= Renewed Communist Party of Armenia =

The Renewed Communist Party of Armenia (HNKK) (Հայաստանի կոմունիստական նորացված կուսակցություն) was a political party in Armenia.

==History==
The HNKK was established on 25 May 2002, by former Armenian Communist Party (HKK) leaders Yuri Manukian and Grant Voskanyan who had been expelled from HKK the previous year on the grounds that they had advocated cooperation with the government. Manukian became the First Secretary of the Central Committee of the party.

The HNKK published Khosq Bazmatc.

The HNKK endorsed Robert Kocharyan in the 2003 presidential elections.

==Electoral record==
In the May 2003 parliamentary elections, HNKK listed 40 candidates to run in the elections. The party received 6,200 votes (0.52%) following the election, failing to win any seats in the National Assembly. The electoral slogan of the party was "Motherland. Work.

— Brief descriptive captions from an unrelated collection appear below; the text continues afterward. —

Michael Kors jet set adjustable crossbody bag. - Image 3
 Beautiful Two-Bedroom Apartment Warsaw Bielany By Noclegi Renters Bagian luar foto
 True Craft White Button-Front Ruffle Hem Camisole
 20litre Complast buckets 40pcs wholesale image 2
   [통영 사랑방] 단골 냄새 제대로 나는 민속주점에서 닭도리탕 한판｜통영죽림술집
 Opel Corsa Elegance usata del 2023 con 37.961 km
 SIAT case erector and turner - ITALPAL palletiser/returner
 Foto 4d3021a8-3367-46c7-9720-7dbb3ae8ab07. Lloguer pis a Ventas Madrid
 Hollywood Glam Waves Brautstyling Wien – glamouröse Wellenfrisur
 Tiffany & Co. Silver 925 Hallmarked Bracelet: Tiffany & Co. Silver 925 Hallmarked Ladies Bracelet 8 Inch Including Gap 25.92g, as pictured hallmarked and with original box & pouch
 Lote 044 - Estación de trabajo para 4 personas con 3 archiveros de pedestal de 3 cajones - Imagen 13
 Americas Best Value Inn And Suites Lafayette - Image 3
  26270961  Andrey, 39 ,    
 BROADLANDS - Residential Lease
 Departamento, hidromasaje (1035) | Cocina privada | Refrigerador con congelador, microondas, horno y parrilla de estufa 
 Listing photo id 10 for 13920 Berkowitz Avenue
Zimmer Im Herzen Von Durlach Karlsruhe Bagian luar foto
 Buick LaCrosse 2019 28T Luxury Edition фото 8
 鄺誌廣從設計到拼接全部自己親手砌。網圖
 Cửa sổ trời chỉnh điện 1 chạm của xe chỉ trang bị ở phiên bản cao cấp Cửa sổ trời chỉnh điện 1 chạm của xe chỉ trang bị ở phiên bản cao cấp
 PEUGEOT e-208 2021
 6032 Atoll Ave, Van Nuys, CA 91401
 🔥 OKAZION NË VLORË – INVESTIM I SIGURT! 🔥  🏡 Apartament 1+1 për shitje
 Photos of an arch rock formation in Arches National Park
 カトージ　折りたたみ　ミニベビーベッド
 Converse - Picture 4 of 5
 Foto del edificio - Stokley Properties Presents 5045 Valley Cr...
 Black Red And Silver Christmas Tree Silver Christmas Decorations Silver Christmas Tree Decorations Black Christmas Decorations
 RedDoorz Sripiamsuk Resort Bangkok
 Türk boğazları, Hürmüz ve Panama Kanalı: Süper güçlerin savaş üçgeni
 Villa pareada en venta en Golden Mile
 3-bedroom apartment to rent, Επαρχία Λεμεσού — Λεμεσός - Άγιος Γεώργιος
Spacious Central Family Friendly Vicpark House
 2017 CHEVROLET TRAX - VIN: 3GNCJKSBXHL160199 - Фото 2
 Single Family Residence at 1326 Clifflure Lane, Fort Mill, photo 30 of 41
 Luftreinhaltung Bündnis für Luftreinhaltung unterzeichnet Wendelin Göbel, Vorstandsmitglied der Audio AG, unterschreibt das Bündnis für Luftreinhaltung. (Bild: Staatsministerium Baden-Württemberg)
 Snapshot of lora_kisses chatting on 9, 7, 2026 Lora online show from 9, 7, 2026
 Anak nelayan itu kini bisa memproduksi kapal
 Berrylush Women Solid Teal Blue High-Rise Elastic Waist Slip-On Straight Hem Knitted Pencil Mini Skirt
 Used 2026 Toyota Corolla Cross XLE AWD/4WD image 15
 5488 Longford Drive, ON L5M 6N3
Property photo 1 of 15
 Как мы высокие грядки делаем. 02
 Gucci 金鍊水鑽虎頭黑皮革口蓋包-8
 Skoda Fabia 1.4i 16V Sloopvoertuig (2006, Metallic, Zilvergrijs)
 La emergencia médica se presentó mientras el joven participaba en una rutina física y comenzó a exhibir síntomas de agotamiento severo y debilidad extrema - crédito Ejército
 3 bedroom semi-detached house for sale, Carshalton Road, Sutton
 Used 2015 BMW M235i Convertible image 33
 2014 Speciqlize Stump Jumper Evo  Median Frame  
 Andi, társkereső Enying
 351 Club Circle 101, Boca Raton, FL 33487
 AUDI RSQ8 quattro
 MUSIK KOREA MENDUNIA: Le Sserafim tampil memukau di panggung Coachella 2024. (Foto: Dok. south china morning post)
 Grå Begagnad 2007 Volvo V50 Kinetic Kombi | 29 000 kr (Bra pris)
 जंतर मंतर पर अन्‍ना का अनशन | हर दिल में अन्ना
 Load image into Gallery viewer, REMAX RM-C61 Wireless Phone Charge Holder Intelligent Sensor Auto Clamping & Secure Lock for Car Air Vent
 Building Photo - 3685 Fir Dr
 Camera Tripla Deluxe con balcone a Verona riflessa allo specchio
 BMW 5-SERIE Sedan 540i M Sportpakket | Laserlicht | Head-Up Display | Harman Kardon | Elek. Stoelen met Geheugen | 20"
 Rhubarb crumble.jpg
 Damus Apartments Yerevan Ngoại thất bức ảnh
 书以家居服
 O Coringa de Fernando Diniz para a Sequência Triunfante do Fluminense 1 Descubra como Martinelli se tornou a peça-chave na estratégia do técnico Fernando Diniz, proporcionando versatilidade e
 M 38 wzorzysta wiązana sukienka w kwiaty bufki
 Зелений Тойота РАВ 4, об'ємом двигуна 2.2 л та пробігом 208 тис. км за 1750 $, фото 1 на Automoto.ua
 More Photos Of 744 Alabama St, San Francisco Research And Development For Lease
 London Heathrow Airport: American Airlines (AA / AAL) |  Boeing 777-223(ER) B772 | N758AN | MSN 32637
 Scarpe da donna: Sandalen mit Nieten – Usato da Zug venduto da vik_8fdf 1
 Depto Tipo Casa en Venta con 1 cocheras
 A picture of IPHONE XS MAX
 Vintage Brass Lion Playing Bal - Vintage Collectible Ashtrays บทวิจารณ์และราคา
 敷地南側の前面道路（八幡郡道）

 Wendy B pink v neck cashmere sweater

Socialism.".

===List of candidates in the 2003 parliamentary election===
1. Manukyan Yura
2. Voskanyan Hrant
3. Melik-Ohanjanyan Yuri
4. Hayrapetyan Volodya
5. Gevorgyan Nelli
6. Mazmanyan Levon
7. Baroyan Vladimir
8. Stepanyan Herbert
9. Sahakyan Hayk
10. Razgoeva Svetlana
11. Hovhannisyan Samvel
12. Tovmasyan Eduard
13. Mikoyan Artavazd
14. Kharbutyan Galust
15. Khachatryan Gagik
16. Hovsepyan Armen
17. Chagharyan Samvel
18. Papyan Levon
19. Gevorgyan Andranik
20. Hambardzumyan Arshak
21. Hovakimyan Irina
22. Mkrtchyan Ruben
23. Chakhalyan Arsen
24. Stepanyan Minas
25. Ohanjanyan Razmik
26. Amiryan Ashot
27. Petrosyan Lyova
28. Sahakyan Seryoja
29. Movsisyan Sergey
30. Manukyan Jora
31. Ghazaryan Arman
32. Hakobyan Tsoghik
33. Harutyunyan Henrik
34. Lalayan Kamo
35. Israyelyan Rima
36. Jajoyan Senjik
37. Kharatyan Tamara
38. Ajamoghyan Vrej
39. Alexsanyan Karen
40. Avagyan Vladik

==Dissolvement and merger==
On 7 July 2003, the HNKK officially merged into the United Communist Party of Armenia.